As the number of technologies touted as smart city enablers continues to rise, the choice for IT decision-makers can seem overwhelming.
“We see cities and municipalities look like deer in headlights; they’re stalled because there are so many options and they don’t know where to start,” Art Miller, Qualcomm’s senior director for business development, told IoT Hub.
The solution, Miller said, is to start at the basics – understanding the infrastructure needs of each city department – and then identifying mutually beneficial solutions, while recognising the unique needs of their city.
“I think a successful smart city will use a combination of technologies. I don’t think there’s a ‘one size fits all’ for all use cases,” he said.
Finding ‘multifunction use cases’
Opening the lines of communication is the first step, Miller said.
“As we start talking to city agencies, we often find out that their lighting department didn't talk to the guys doing plumbing, or who are doing parking, for instance,” he said.
“As you start to upgrade existing infrastructure, such as implementing LED street lights, there is an opportunity to repurpose them into something more, such as integrating gunshot detection or microphones on light poles, for example.
“When you start to explore these new use cases, each of them addresses a different section inside a city, and when you have them all sit down together, they can then work together to develop solutions that are mutually beneficial.”
He said that creating these “multifunction use cases” for smart city networks will present both the biggest challenge and the biggest opportunity to ensure that these projects are cost-efficient and successful.
The interoperability challenge
Miller acknowledged the difficulties of deciphering the often-competing claims of technology vendors.
“There’s a lot of people that will argue that Wi-Fi can solve a lot of problems.
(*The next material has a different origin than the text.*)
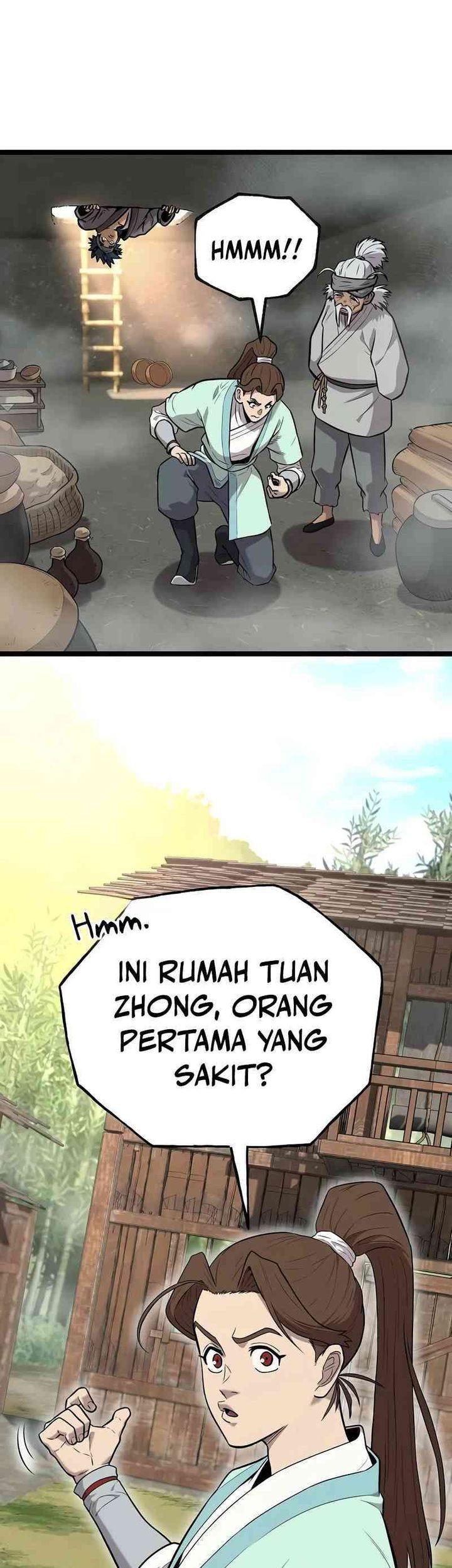 Tang Clan Legend Chapter 5 - halaman 49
If you’re a mobile network operator you’ll say that cellular can solve everything, and there are folks like LoRa, Sigfox and others that are claiming to put up IoT networks in a lot of markets,” he said.
“Then, if you look deeper into personal area networks, there’s talk that Bluetooth Low Energy will solve all the problems.”
Miller said that regardless of the interface, the ultimate goal is to get the endpoint connected, whether it be to a gateway, to the cloud or for processing at the edge. However, for wide area connectivity, telcos are in a unique position to influence the market due to their scale, he said.
“They can instantly turn on a nationwide network and overlay that with their existing 4G network, for instance,” he said. “They also boast managed network service capabilities and quality of service in most cases.”
Miller said the real challenge for cities will be in the smaller, local area networks.
“The challenge there will be how you onboard devices. You can’t necessarily have ten different hubs in your house, for example, one for lighting, one for speakers, and so on,” he noted.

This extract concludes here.